17. Hukuk Dairesi 2015/2110 E. , 2015/11144 K.
"İçtihat Metni"MAHKEMESİ : Bursa 2. Asliye Hukuk Mahkemesi
TARİHİ : 01/07/2014
NUMARASI : 2014/97-2014/333
Taraflar arasındaki tazminat davasının yapılan yargılaması sonunda; kararda yazılı nedenlerden dolayı davanın yargı yolu yönünden reddine dair verilen hükmün süresi içinde davacı vekili tarafından temyiz edilmesi üzerine dosya incelendi gereği düşünüldü:
-K A R A R-
Davacı vekili, müvekkilinin idaresindeki....plakalı aracın Ankara yoluna çıkış istikametine seyir halinde iken, birden yol üzerinde bulunan kaldırım yapımında kullanılmak amacıyla dökülen kum yığınına çarptığını, müvekkilinin aracında hasar meydana geldiğini, kazanın oluşumunda yol ve kaldırım çalışmasını yapan kurum veya yüklenici firmanın kusurlu olduğunu ileri sürerek fazlaya ilişkin talep ve dava hakları saklı kalmak kaydıyla, kaza sonrası müvekkilinin aracı için yapmış olduğu 7.324,74 TL tamirat masrafının, kaza tarihinden son servis işleminin yapıldığı 06/02/2014 tarihine kadar geçen sürede araç mahrumiyeti için 500,00 TL, aracın kaza sonrası meydana gelen 1.000,00 TL değer kaybının kaza tarihinden itibaren işleyecek yasal faiziyle birlikte davalılardan müştereken ve müteselsilen tahsiline karar verilmesini talep ve dava etmiştir.

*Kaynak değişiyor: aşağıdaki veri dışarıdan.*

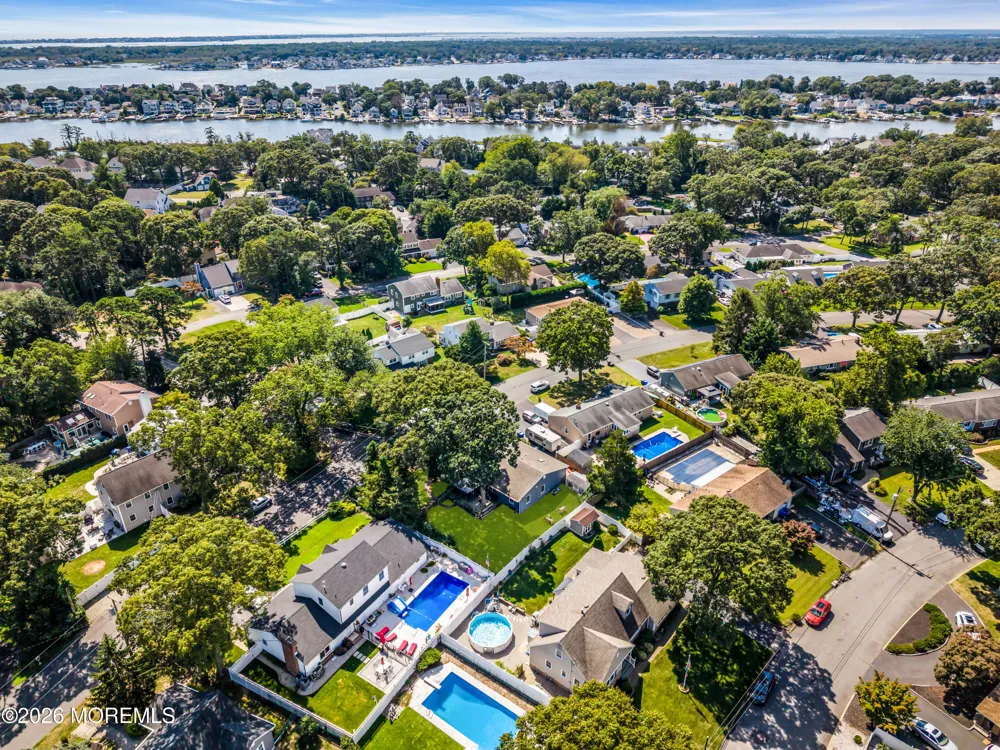 594 Robinhood Road Brick, NJ 08724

Davalılar davanın reddini savunmuşlardır.
Mahkemece, açılan davanın idari yargının görev alanına girmesi nedeni ile Yargı yolu yönünden reddine karar verilmiş; hüküm, davacı vekili tarafından temyiz edilmiştir.

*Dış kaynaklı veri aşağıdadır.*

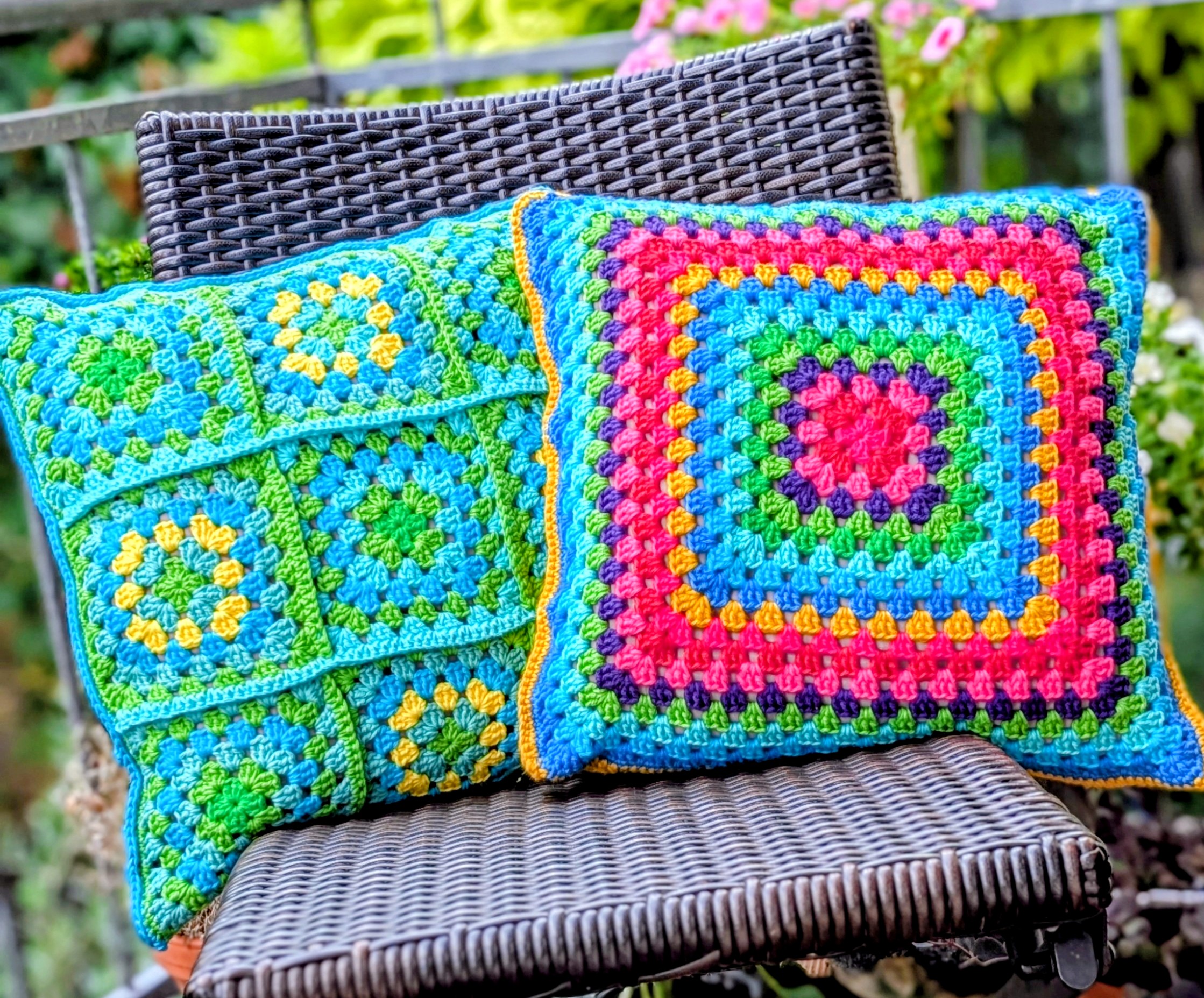 Kissen gehäkelt aus Granny Squares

Dava trafik kazasından kaynaklanan tazminat istemine ilişkindir. Mahkemece davanın idari yargının görev alanına girdiği gerekçesiyle davanın yargı yolu yönünden reddine karar verilmiş ise de verilen karar dosya içeriğine uygun düşmemektedir.

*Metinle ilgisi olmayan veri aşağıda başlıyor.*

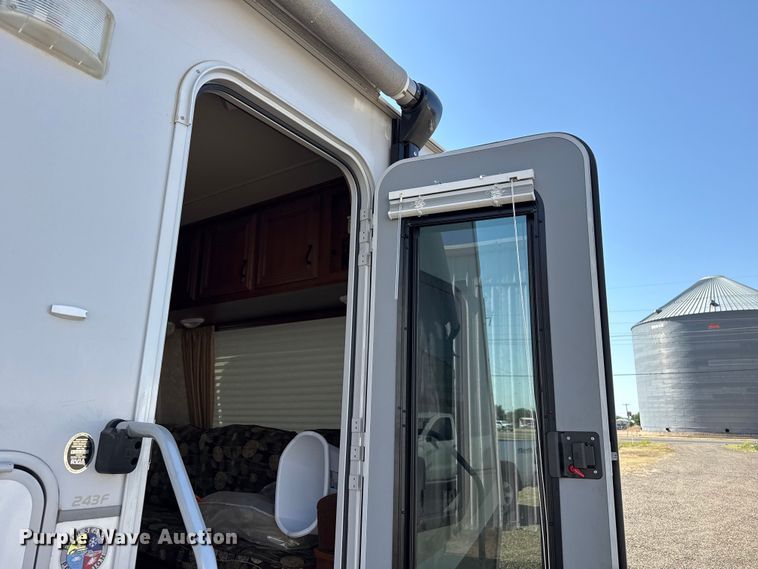 image for item EW4582 2011 Mesa Ridge MR243F camper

Hiç kuşku yoktur ki, kamu hizmeti vermekle yükümlü olan davalı belediye, bu hizmeti doğrudan kendisi yerine getirmiş ve bir idari kararın plan ve projelere uygun biçimde uygulanmasından bir zarar doğmuş olsaydı, üçüncü kişiler bu zarar nedeniyle açacakları davada hizmet kusuruna dayanacaklarından, bu dava tam yargı davası, bunun çözüm mercii de idari yargı olacaktır.
Ancak davalı Bursa Büyükşehir Belediyesi Başkanlığı “Park yapım ve çevre düzenleme” işini; bizzat ve plan-projeye uygun biçimde yerine getirmemiş, aksine özel hukuk ilişkisine girerek, diğer davalı şirketle arasında düzenlenen eser sözleşmesine dayalı olmak üzere, bu şirket eliyle yaptırmıştır. Davalılar Belediye Başkanlığı ile yüklenici şirket arasında düzenlenen özel hukuk hükümlerine tabi eser sözleşmesinin 3.6 maddesinde de; gerekli emniyet tedbirleri ve güvenlik önlemleri alınmamasından dolayı 3. şahıslara verilebilecek tüm maddi ve manevi zarar ve ziyandan yüklenici firmanın sorumlu olacağı belirtilmiştir.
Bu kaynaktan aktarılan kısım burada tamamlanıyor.